Dozens of civilians were present at the time of the airstrike, including women, children and the elderly, and many were injured or killed in the attack. 

“The people of this area have been living with insecurity for months; many have been displaced. They have gone through so much already, and this kind of violence makes them yet more vulnerable,” says Albert Stern, MSF field coordinator in Abs.  

Medical care for displaced people

Almost a year of regular attacks in northern Hajja have pushed more than 90,000 people to seek refuge in Abs district to the south. We recently visited the health centre in Khamis and found it barely functioning, and local medical staff living in constant fear of being bombed.

Since April of last year, we have been providing medical care to the displaced people through mobile clinics in internally displaced persons (IDP) camps.

We have been providing more than 275,000 litres of water per day to 17,000 IDPs in the area, and in January distributed more than 150 non-food item (NFI) kits to a wave of new arrivals.

In July 2015, we rehabilitated and started work in the Abs Rural Hospital, providing emergency and surgical care, maternity, paediatric, as well as post-operative services.

“Indiscriminate violence”

Despite new IDPs arriving from the northern areas and a clear increase of the humanitarian needs in the IDP camps, we are concerned that humanitarian assistance is decreasing.

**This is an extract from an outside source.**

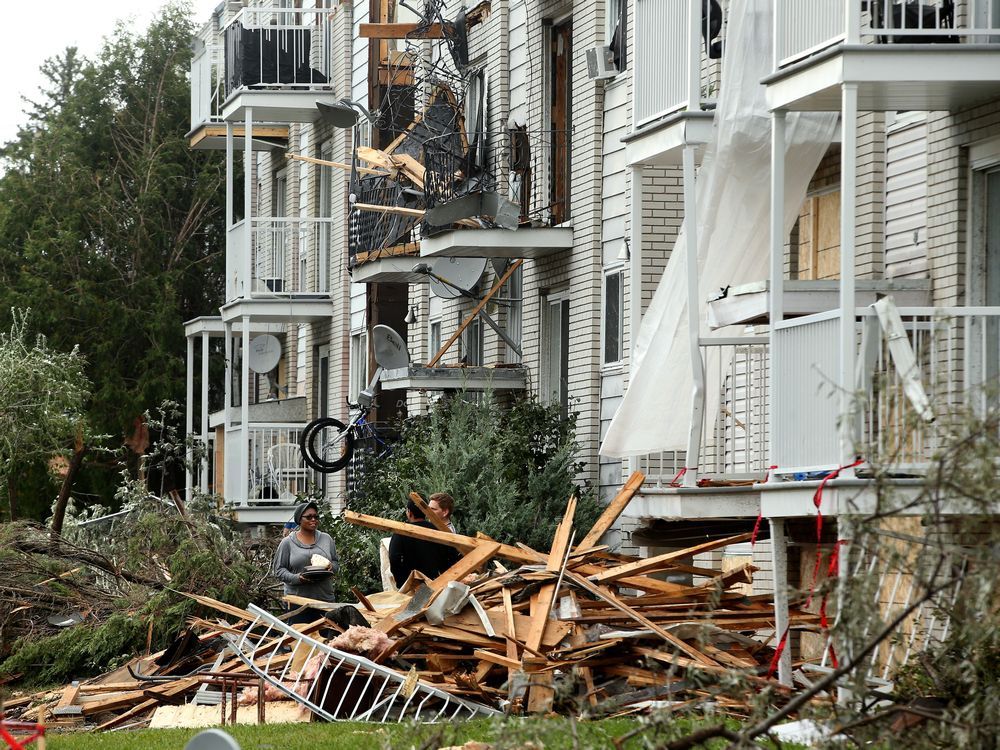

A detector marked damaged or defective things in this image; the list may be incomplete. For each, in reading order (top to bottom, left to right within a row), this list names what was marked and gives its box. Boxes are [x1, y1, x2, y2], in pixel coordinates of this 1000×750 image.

broken siding panel [884, 114, 928, 282]
damaged apartment building [184, 0, 1000, 680]
splintered lumber [576, 476, 644, 552]
splintered lumber [588, 536, 752, 588]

“Yesterday´s attack is not the first, and it is unlikely to be the last. The constant and indiscriminate violence in this area is creating humanitarian needs that are increasing by the day.  Now is not the time for humanitarian organisations to downsize their responses,” says Juan Prieto, MSF Country Representative in Yemen.

MSF in Yemen

As an impartial and neutral medical humanitarian organisation, MSF manages and supports more than 25 hospitals throughout Yemen, providing medical care to people irrespective of their religious, tribal, political or military affiliations.

More than 31,000 war-wounded patients have been treated in MSF-supported hospitals in Yemen since March 2015, when the most recent conflict started.